Dear American Idol,
Since you’ve been gone, I’ve been thinking about your legacy. Your original premise was to take an unknown talent and usher them into superstardom. Mission accomplished in Season One, but then never again. Sure you discovered a lot of country stars, but so did Nashville Star. You minted a lot of celebrities, but so did YouTube. While you still have a better track record than The Voice, Britain’s Got Talent and X Factor UK have you beat.
Did any bonafide recording artists emerge from the shadow of Simon Cowell’s giant cup of Coke? When it comes down to true originality, innovation, earphoria and albums that will sound as fresh 20 years from now as they did 15 minutes ago, in my book it comes down to four: two guys (Adam Lambert and Blake Lewis) and two gals (Haley Reinhart and Allison Iraheta).

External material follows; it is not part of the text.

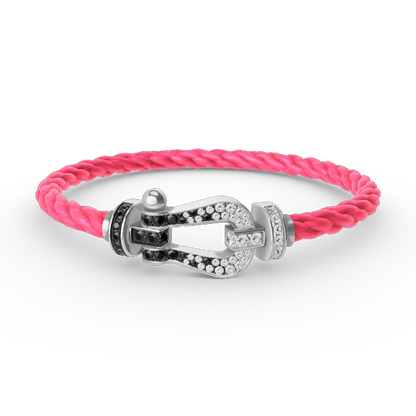 [Sparkle]GROSSES HUFEISEN-ARMBAND MIT SCHWARZEN UND WEISSEN DIAMANTEN - WEISSGOLD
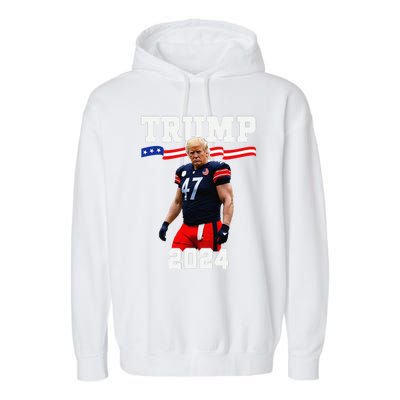 Trump 47 Football Jersey 2024 Us Flag Trump Vance 2024 Gift Garment-Dyed Fleece Hoodie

No offense to Kelly, Carrie and Chris who deliver pretty popular, but formulaic albums in their respective genres of belters, crossover country and arena rock. No offense to Jennifer and her Oscar or Katherine and her TV career. No offense to all the country crooners or Broadway cast fillers. I’ve spent the past decade watching which Idols could most likely turn out this generation’s Rumors, Let’s Dance, Supernatural or Jagged Little Pill if the right audience — beyond the American Idol audience — could find em.

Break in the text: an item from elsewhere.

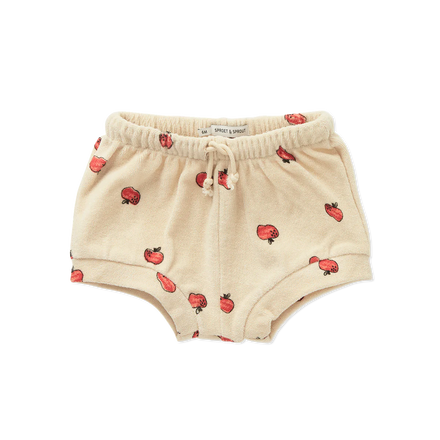 Freckle & Sprout Terry Baby Short Apple Print | Sesame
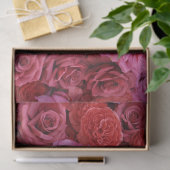 Roze en rode rozen bloemmotief tissuepapier (Geschenk)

Lambert is three solid albums into his run and is nowhere near realizing his full potential as the ultimate showman of our era. Lewis is also three albums in, all of them sonically epic and commercially under appreciated.
Now this is where things get interesting. Let’s hear it for the girls.
Scotty with his bass drop country croon won Season 10, but the real stars of that year were Pia Toscano, Casey Abrams, James Durbin and the beautiful girl with the jazzy rasp from Wheeling, Illinois: Haley Reinhart. She was pretty much a wallflower as the season built speed until she unleashed the growl heard around the world during ‘Piece of My Heart’. From then on, she was the one to watch right up til the end when she finished at #3.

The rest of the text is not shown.